So as a overview of what you learned, we'll have a brief discussion of hardware. Now, Apple hasn't actually said what the specific chip is that's going to go out, so I'm just going to kind of gloss over it and show you what's on the developer transition system, but don't expect that that's necessarily going to apply to what customers get. There's a C programming model. You don't have to write an assembly. As its on-site of data types and intrinsics. And finally, I'll talk about difference in instructions, like how to map from ultimate to SSE and some of the tougher cases and what to watch out for.

So as far as the hardware overview, as I mentioned earlier, there's eight 128-bit XMM registers. If we, on the 64-bit architecture looking way out into the future, or if you're programming for Linux now, you'll find that you actually get 16 of them. The register file is flat like Altivec. It's not stack-based like the FPU on the X87.

There's no special purpose registers, so you can use all that space. The instructions generally take no more than two register operations-- operands. So you might be used to from Altivec being able to provide up to four operators, so you'll only get two here. And the instructions are typically destructive. That is, one of the inputs is destroyed and replaced with result data.

On the Pentium IV core, I just want to give you a sense that there's really a lot going on behind the scenes. You've got eight different units providing the vector support. So it's not very simple in the back end, but on the dispatch, everything goes through port ones. You kind of get this throughput of one vector instruction per cycle.

As far as the data types that are supported, they support the same sorts of types as Altivec.
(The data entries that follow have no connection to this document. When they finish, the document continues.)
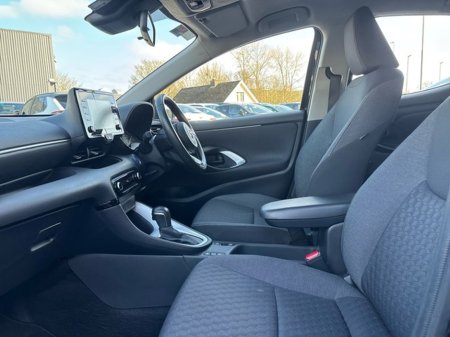 2024 Toyota Yaris - thumbnail 6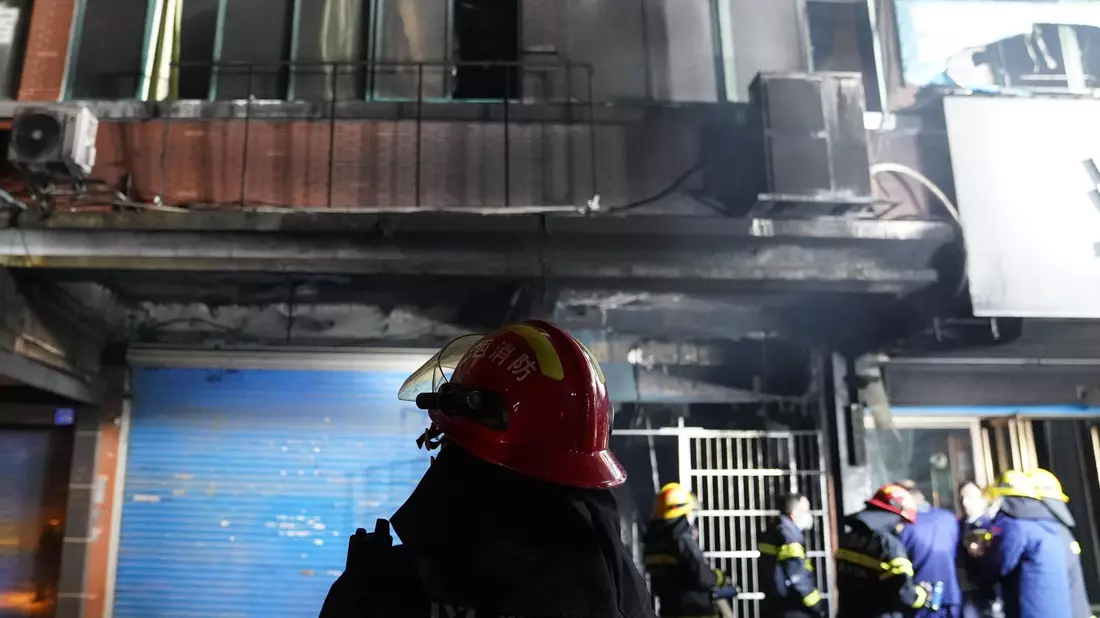 Feuerwehrleute im Einsatz. - Bild: Zhou Mi/XinHua/dpa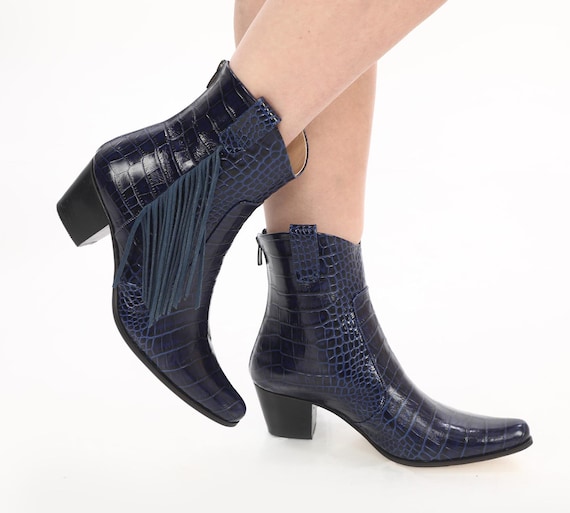 Vintage 70s Crocodile Embossed Leather Mukluk Boots Fringe Tassel Romania 8.5 9 1970-80 main image 4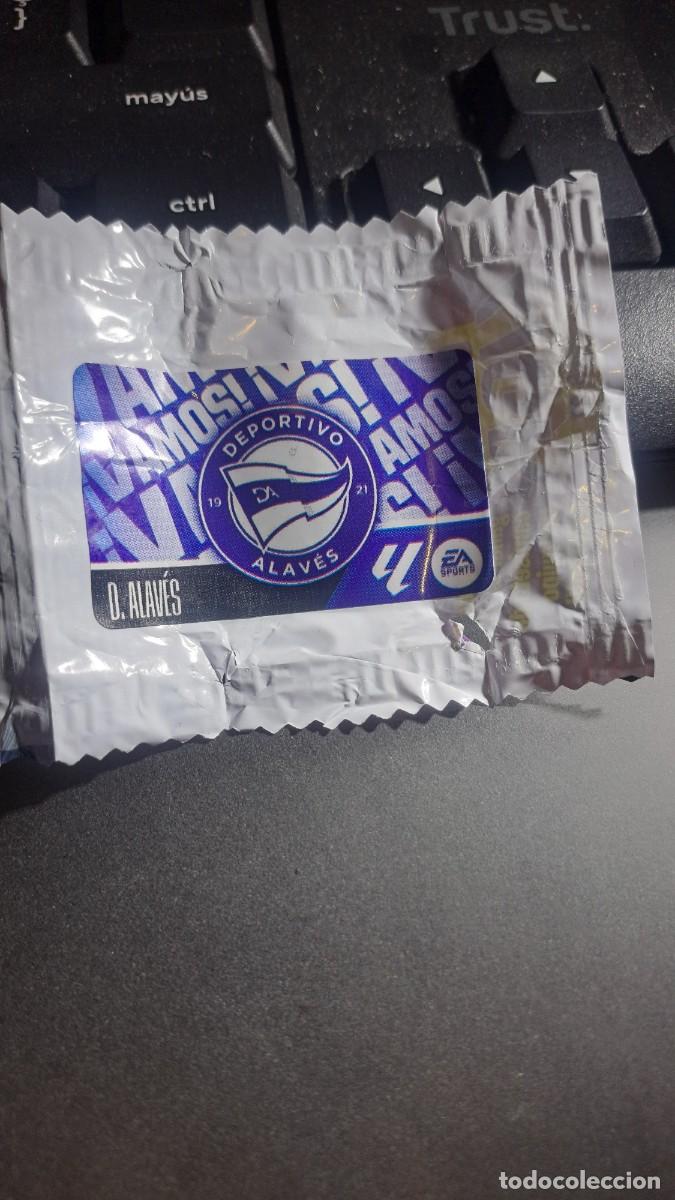 Coleccionismo cromos antiguos: CROMO ESCUDO ALAVES CHICLE LIGA 2026 2027 26 27 ESTE PANINI NUNCA PEGADO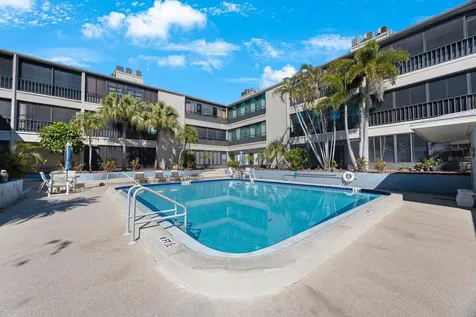 215 Valencia Boulevard Belleair Bluffs FL 33770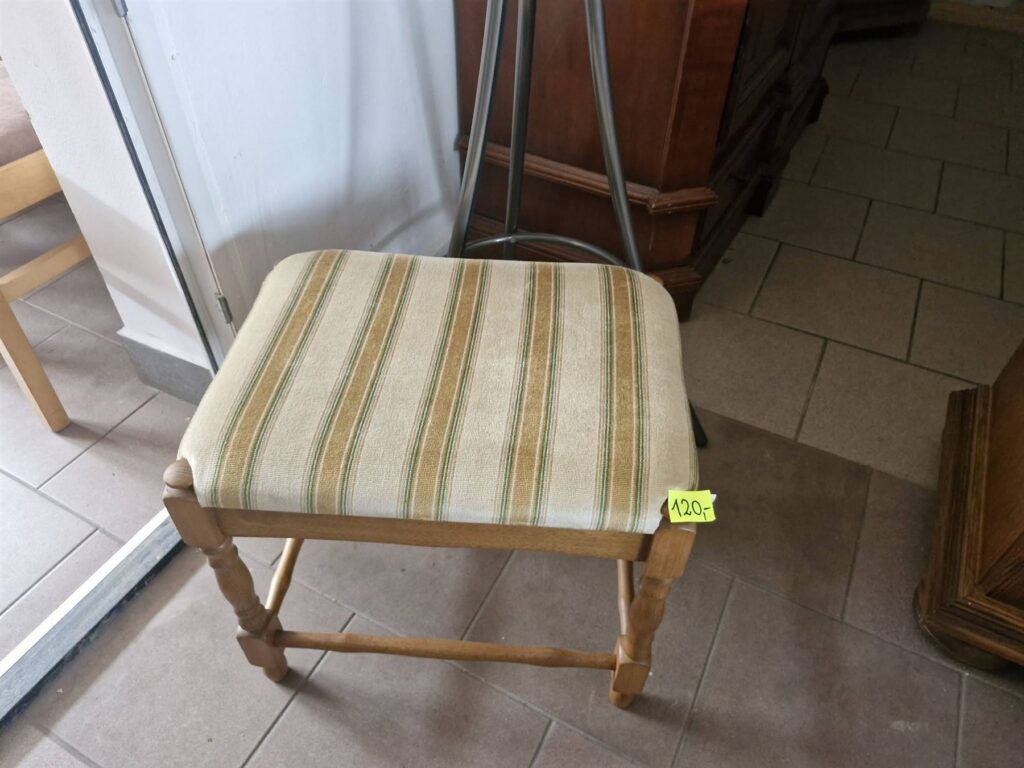 Taboret dębowy tapicerowany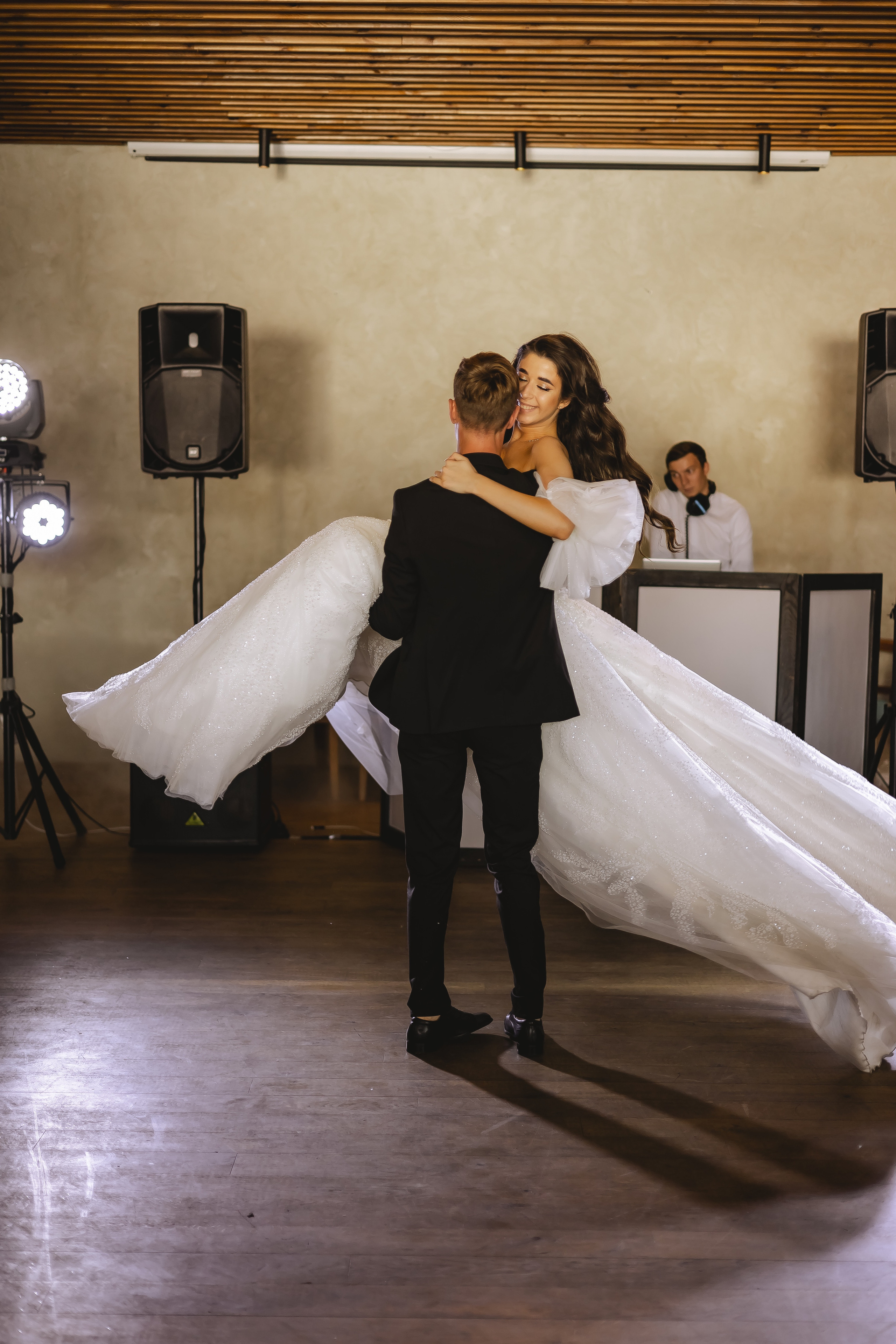 VLADA and NIKITA. Весільний фотограф Таня Федорова та відеограф Олексій Федоров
You can get 8-bit, 16-bit, 32-bit ints, 32-bit floats as well. In addition, there is support for 64-bit types, which means 64-bit ints and double precision floating point. The hardware provides aligned and misaligned loads and stores, so that will probably be welcome to a number of you. There is a limited permute capability on board. It's you can do predicated operation just like Altivec.

It has some saturated arithmetic support. It has this normal set of integer operations that you'd expect from Altivec, sort of multiply, add, subtracts, min, max. It also provides a sum of absolute differences instructions useful for video encoding. It does the various Boolean operations. Same thing for floating point, multiply, add, subtract, et cetera. In addition, there's hardware divide and square root, so that will save you a little time if you're tired of programming Newton graphs and opt-in.

The C programming model for SSE, there's an Intel C programming interface supported by the Intel C compiler and also various other Intel-based compilers. And it's a lot like the Altivec C programming interface. So to give you an idea, they provide a series of types. The Intel types, there's a double underbar M128I, which will stand for any packed integer. You can also use double underbar 128 for floats.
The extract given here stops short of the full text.